Smithies et al. 2009 showing that
some ~3.5 Ga Pilbara basalts yield enriched and
fractionated LREE patterns). Although no HSE data are available for
these andesites, limited data obtained so far for melts with similar
andesitic composition (Day et al. 2013) indicate generally low HSE
contents in such melt type (e.g., Pt and Pd <3.1 ppb). Thus,
we envision that REE/HSE abundances of Pilbara ultramafic rocks can be
best explained by mixing with Pilbara andesites (Fig. 10b ).

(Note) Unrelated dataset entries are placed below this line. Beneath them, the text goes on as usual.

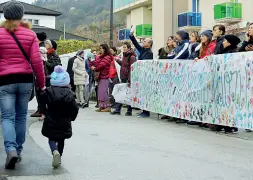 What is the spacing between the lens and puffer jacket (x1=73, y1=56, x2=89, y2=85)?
56.9 feet

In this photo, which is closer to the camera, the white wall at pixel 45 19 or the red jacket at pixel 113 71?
the red jacket at pixel 113 71

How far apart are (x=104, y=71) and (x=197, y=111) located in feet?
15.4

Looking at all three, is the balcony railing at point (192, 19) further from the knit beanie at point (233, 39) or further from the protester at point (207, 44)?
the knit beanie at point (233, 39)

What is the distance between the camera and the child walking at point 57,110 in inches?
264

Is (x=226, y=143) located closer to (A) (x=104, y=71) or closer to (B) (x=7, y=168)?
(B) (x=7, y=168)

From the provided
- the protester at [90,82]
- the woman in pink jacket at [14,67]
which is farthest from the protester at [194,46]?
the protester at [90,82]

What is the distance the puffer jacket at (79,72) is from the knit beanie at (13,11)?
34.9 ft

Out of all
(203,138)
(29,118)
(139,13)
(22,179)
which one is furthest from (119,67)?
(139,13)

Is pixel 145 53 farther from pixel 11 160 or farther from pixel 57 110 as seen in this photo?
pixel 11 160

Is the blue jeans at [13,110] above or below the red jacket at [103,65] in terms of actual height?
below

Although such evolved components are not currently observed in the Isua
supracrustal belt, they are speculated to exist (Szilas et al. 2015) and
together with the observation that they may have been volumetrically
minor (as in Pilbara), they might be unexposed or remain undetected due
to ~90% thinning by regional deformation (e.g., Webb et
al., 2020). Indeed, several Isua ultramafic samples have enriched,
fractionated REEs and negative Eu anomalies (Figs. 7, 10a ),
indicating the presence of evolved components that may have compositions
similar to Pilbara andesites.
To conclude, in contrast to Waterton et al. (2022) who only interpret
that Isua ultramafic rocks formed by cumulates mixing with unspecified
co-genetic tholeiitic basaltic magmas, we specify that such melts must
be enriched in REEs but depleted in HSEs (especially Pt and Pd).

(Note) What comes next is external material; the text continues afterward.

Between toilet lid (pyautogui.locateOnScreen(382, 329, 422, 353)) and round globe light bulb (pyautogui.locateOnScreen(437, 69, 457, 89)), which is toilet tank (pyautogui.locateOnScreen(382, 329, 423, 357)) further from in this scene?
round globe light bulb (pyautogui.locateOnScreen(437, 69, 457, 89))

Possible candidates are (1) tholeiitic basalts that derived from deep
mantle and/or experienced sulphide removal in magma chambers; and (2)
evolved melts derived from fractional crystallization of basaltic
magmas. Because Isua and Pilbara ultramafic rocks show similar REE and
HSE systematics (Figs. 7, 8 ), mixing REE-enriched but
HSE-depleted melts with cumulus olivine ± chromite ± orthopyroxene can
explain the formation of both Isua and Pilbara ultramafic rocks, along
with potentially other Eoarchean ultramafic cumulates which show similar
REE and HSE geochemistry (Coggon et al. 2015; McIntyre et al. 2019).